Posted in Control tower, Control Tower Concepts, Demand management


Has hyperbole in enterprise software marketing gone beyond the point of no return?

Published June 18th, 2012 by Kirk Munroe 2 Comments

HyperboleI was recently reading an excellent blog post from Josh Greenbaum, where he had a great take on Larry Ellison undermining Oracle’s Cloud strategy (and execution) with his outlandish statements.  Although not explicitly the point Josh was making, it did make me think that the marketing of enterprise software may have gone too far to ever come back.

Up front, at times I may have been guilty of over stating the value of software in the past … although I am confident that those cases were few and far between and certainly not intentional!

Joking aside, I think a lot of the hyperbole in enterprise software marketing is unintentional.  To be a little more cynical, maybe it is more accurate to call it “ignorant.”  Let’s face it, the people marketing the software rarely, if ever, use it at all and even more rarely have used it as intended in production.  This is also not anyone’s fault.  The majority of enterprise software is intended to solve problems and enable processes that are not relevant to the company producing the software.

Another interesting phenomenon is that so many prospects expect the software vendor they are evaluating to provide competitive intelligence on the other vendors.  Interesting in that the request is aimed at the least unbiased source on the planet, and also interesting because virtually every ethics (and legal) code would state that the software company should not even have been looking at a competitor’s product in the first place.

Another of the main drivers of the hyperbole in enterprise software marketing comes through the RFI/RFP/RFQ process and product bake-offs where features are being requested by IT that will never be used by the business users in production.  So many companies still issue RFPs and product bake-offs (e.g. POCs, customer demos, etc.) for software.  Everyone on both sides of this equation knows that the answers will likely not be a big driver in the decision (and often may not get read – sometimes the questions themselves aren’t read before issuing!), but that every vendor is expected to offer at least a “conditional yes” to each and every answer, leading to massive stretching of the truth.

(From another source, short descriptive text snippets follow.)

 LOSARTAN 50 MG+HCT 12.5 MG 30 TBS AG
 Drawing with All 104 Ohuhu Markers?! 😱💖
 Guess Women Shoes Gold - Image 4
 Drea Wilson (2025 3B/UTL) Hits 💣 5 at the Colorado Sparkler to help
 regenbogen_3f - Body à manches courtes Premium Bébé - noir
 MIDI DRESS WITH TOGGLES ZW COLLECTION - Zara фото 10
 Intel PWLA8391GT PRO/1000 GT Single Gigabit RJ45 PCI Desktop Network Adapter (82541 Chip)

Last of the drivers, at least for the sake of getting through this blog, is that big enterprise software companies keep buying so many smaller software companies that the task of messaging what each piece does on its own and as part of a greater “solution” is more complicated than creating a cold fusion reactor.

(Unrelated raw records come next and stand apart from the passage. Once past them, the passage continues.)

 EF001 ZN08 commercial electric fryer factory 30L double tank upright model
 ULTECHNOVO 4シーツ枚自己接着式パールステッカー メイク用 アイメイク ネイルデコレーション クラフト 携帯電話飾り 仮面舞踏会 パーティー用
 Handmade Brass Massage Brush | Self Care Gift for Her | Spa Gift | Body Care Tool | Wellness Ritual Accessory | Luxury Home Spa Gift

This all leads to the question posed in the title, “Has hyperbole in enterprise software marketing gone beyond the point of no return?”

I expect it will surprise no one that I have a strong opinion on this, after all, why would I have bothered with the blog in the first place.  The answer is a … drum roll please … YES.  But like every one-word answer to a complex question, there is a “but” or in this case, an “unless.”  The “unless” is “unless businesses completely change the way they purchase enterprise business software.”

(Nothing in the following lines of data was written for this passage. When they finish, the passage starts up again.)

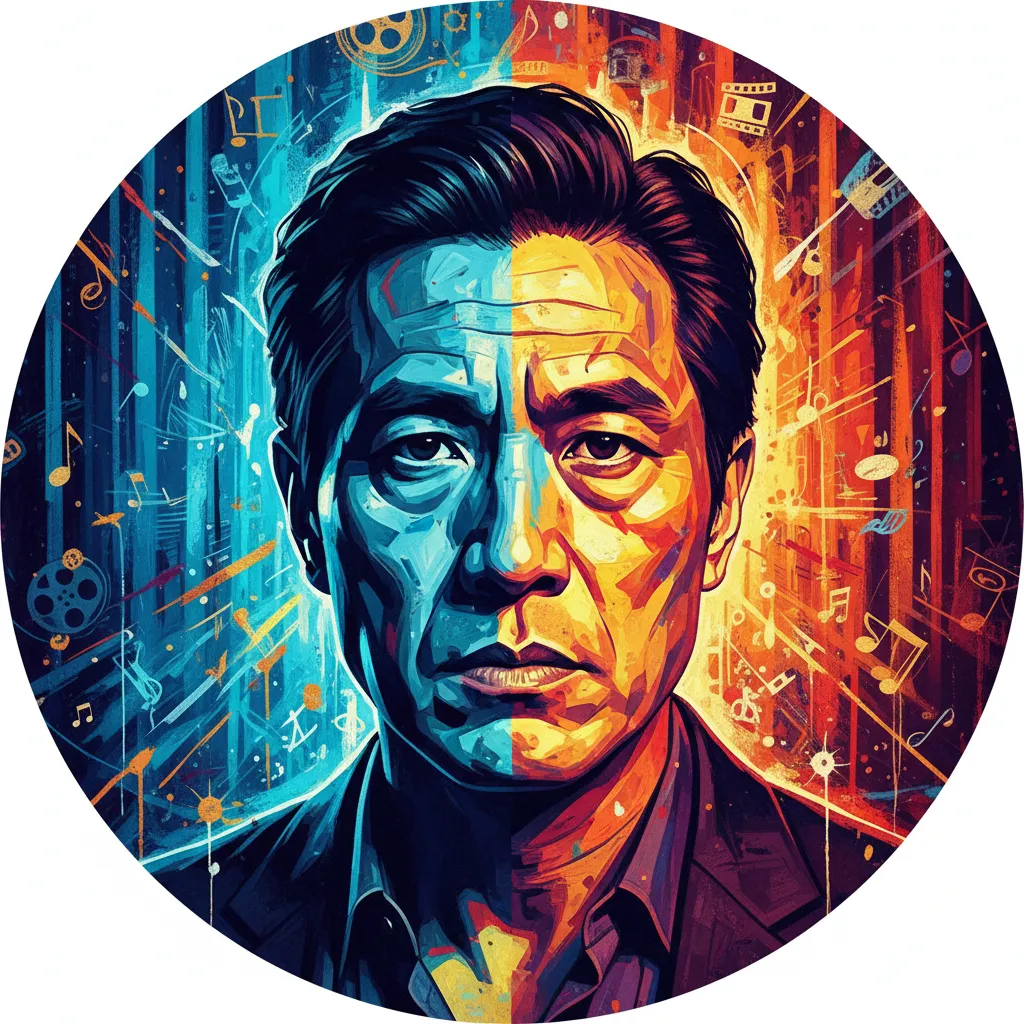Artistic portrait of Victor Wong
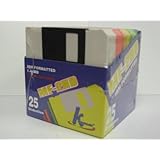 KHypermedia 3.5 - Inch 1.44 MB PC-Formatted Diskettes Rainbow, 25-Pack (Discontinued by Manufacturer)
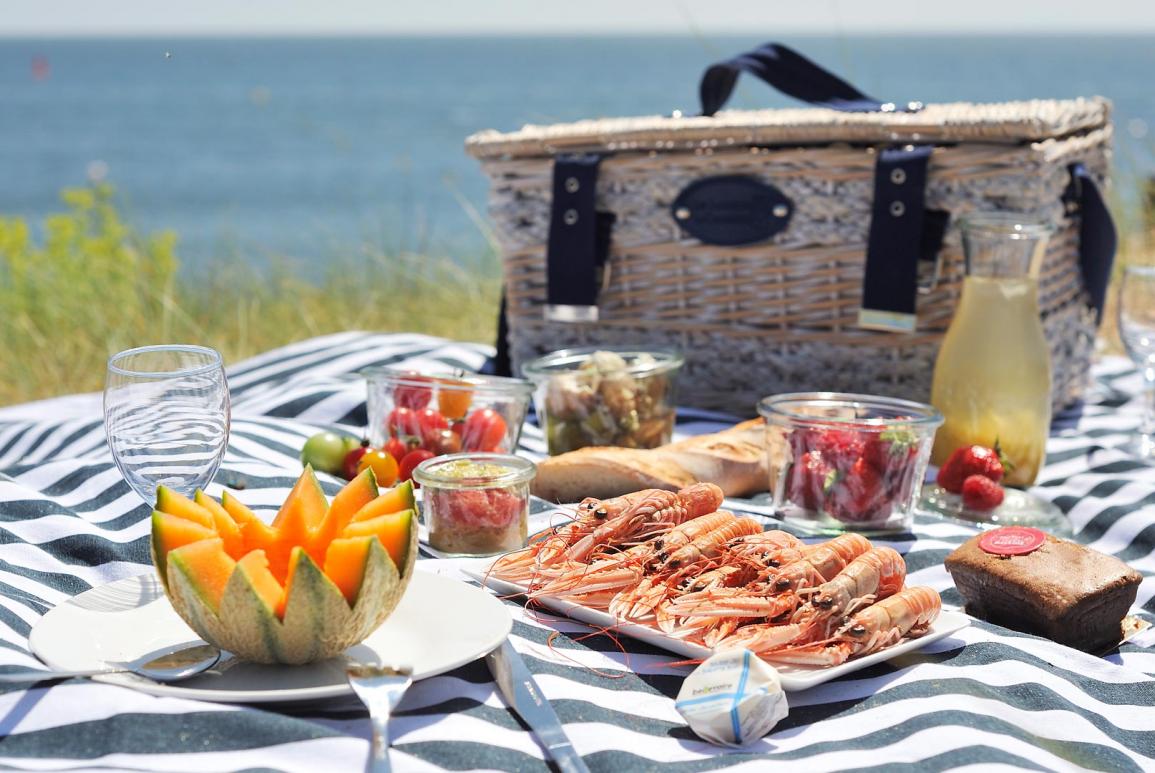 picnic en bord de mer - que faire à la baule en famille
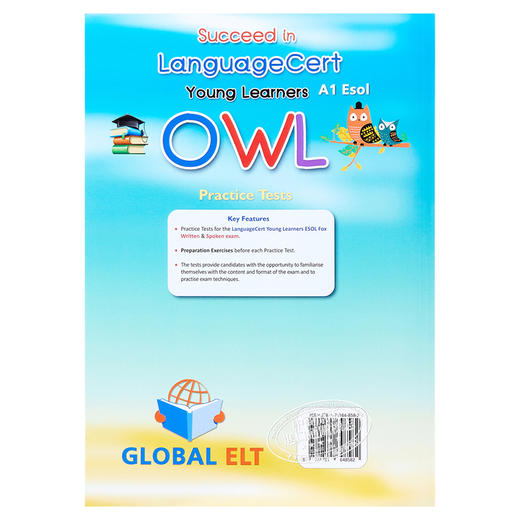 Succeed in LanguageCert Young Learners A1 ESOL OWL 备考朗思少儿英语考试测试练习自学套装小学 Global ELT 商品图1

Companies need to remember the reason they are buying enterprise business software in the first place.  The only reason they are – or at least should be – buying software in this category is some combination of:

a) enabling a business process that they could not do previously,
b) making an existing process better or
c) tackling new business problems in a manner that was previously impossible.

With this in mind, why would I not be buying a complete solution to the problem?  Some recent surveys that I have seen are already showing a big shift in anticipated buying behavior from the still prevalent buying “on-premises” software and skipping the logical next step of buying “on-demand” software and going all the way to outsourcing the process completely.

Let’s also be clear that I am not talking about “solution marketing” here.  This could get me on a rant that could go on for days.  The move from “product marketing” to “solution marketing” has turned out to serve no purpose other than wasting millions of hours in unnecessary meetings to end up with ….non-differentiated messaging…. software being purchased in exactly the same manner as before…. and software delivery that is identical as before this “transformation.”

The revolution that has to come in the enterprise software space is that companies have to start buying services with software embedded in them vs. buying, installing and deploying software in the hopes that it will make process better.  This change will not only shorten sales cycles and reduce time-to-value, but it will force software companies to innovate to drive better business and not to best answer the next RFP.  Innovations aimed at making business more effective vs. making IT departments happy.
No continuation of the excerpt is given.